2000’lerin başında, birçok marka üç boyutlu logoları tercih ediyordu. Daha sonra yalnızca bir gecede değişim başladı ve iki boyutlu, düz bir dünyaya uyandık.
1997’de tanıtılan ilk Google logosu, üç boyutluydu. Şimdi baktığımızda ise çok daha sade ve iki boyutlu. Üstelik bunu yapan tek şirket Google da değil. 2000’li yılların başında, 3D logolar epey revaçtaydı.
Daha sonra biz farkına varmadan logolar boyut değiştirdi ve büyük bir çoğunluğu iki boyutluya doğru evrildi. Aklınıza en popüler uygulamaları getirin. Instagram, Netflix, YouTube… Hepsi iki boyutlu. Peki bu değişim nasıl ve neden oldu?
2000’lerdeki logolara gelmeden önce 1990’lara gidelim.

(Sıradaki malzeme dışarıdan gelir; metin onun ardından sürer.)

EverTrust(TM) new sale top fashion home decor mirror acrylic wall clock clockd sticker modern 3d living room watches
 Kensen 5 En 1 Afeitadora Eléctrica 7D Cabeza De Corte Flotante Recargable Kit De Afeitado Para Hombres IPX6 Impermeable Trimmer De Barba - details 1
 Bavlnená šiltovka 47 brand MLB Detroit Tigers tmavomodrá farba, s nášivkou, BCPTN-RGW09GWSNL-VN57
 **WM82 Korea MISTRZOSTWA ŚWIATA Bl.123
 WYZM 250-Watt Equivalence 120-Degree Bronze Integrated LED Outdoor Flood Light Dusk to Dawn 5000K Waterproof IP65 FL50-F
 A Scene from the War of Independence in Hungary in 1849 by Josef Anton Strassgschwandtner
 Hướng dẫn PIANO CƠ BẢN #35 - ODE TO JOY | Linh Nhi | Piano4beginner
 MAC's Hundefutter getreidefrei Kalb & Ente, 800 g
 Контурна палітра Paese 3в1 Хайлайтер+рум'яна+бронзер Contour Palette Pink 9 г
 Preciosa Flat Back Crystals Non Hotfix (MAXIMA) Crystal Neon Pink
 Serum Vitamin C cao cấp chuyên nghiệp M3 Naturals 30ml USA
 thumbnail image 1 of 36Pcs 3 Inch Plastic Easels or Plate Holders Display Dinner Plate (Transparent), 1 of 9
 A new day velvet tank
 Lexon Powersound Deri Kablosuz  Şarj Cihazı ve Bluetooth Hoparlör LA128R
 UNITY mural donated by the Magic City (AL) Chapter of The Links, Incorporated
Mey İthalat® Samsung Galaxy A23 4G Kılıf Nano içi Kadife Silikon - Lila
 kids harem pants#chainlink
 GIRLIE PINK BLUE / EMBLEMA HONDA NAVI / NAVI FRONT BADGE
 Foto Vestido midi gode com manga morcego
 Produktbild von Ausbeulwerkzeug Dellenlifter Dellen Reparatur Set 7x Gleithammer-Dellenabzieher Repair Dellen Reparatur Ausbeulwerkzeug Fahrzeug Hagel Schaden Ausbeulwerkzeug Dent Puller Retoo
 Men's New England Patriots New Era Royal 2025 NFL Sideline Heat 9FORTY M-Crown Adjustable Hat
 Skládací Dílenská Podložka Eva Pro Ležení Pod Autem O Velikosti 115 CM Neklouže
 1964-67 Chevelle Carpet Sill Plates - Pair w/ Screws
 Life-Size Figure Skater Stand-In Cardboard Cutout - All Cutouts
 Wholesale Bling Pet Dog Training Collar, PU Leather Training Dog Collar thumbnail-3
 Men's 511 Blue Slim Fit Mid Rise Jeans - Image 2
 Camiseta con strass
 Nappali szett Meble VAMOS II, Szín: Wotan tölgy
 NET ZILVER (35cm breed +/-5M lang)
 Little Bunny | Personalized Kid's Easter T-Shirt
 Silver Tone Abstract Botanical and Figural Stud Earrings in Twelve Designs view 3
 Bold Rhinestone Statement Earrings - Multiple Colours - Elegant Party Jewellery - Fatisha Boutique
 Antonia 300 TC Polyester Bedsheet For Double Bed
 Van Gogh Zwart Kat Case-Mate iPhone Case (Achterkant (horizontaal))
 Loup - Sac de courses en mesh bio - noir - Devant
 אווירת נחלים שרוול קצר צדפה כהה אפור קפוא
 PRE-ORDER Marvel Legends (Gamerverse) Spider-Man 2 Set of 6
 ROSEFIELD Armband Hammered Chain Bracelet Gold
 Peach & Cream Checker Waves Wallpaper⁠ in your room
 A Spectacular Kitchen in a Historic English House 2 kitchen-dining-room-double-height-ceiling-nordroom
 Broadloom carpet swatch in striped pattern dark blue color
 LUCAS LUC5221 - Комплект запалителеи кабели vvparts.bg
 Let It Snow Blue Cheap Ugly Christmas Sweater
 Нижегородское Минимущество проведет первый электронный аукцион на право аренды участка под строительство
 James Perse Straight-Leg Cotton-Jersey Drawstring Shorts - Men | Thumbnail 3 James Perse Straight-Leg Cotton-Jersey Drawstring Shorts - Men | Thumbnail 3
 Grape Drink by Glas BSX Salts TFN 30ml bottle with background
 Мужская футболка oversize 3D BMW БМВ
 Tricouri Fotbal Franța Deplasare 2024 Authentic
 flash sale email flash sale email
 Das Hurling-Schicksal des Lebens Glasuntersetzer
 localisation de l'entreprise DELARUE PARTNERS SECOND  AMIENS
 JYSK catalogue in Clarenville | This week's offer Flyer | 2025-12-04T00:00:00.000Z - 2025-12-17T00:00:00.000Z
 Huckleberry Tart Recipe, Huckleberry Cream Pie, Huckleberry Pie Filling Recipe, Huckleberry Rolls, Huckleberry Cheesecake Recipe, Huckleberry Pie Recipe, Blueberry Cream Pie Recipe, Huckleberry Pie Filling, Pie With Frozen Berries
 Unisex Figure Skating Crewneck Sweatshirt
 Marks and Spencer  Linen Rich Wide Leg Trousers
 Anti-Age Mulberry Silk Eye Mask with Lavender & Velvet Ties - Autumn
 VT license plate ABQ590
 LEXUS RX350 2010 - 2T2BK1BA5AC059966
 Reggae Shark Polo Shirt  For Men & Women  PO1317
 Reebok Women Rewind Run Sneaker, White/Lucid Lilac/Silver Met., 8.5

1990’lı yıllarda logolar yine iki boyutlu, sade ve basitti. 2000’lerin başında ise photoshop yükselişe geçti. Dijtal grafik tasarım, herkesin kolayca erişebileceği bir şey oldu. Logolar da iki boyutludan üç boyutluya geçiş yaptı. 90’lara kıyasla daha hareketli, gerçekçi, kabartmalı görseller tercih ediliyordu.
“Skeomorfizm”in büyük bir etkisi vardı.
Bir nesnenin, çalışma prensibi farklı olmasına rağmen daha önceden bilinen farklı bir nesneyi hatırlatacak şekilde tasarlanması anlamına gelen sekomorfizm, nesnelerin iki boyutlu düzleme aktarılırken daha gerçekçi ve üç boyutlu çizgiler ile şekiller kullanılarak tasarlandığı bir tasarım trendi hâline gelmişti.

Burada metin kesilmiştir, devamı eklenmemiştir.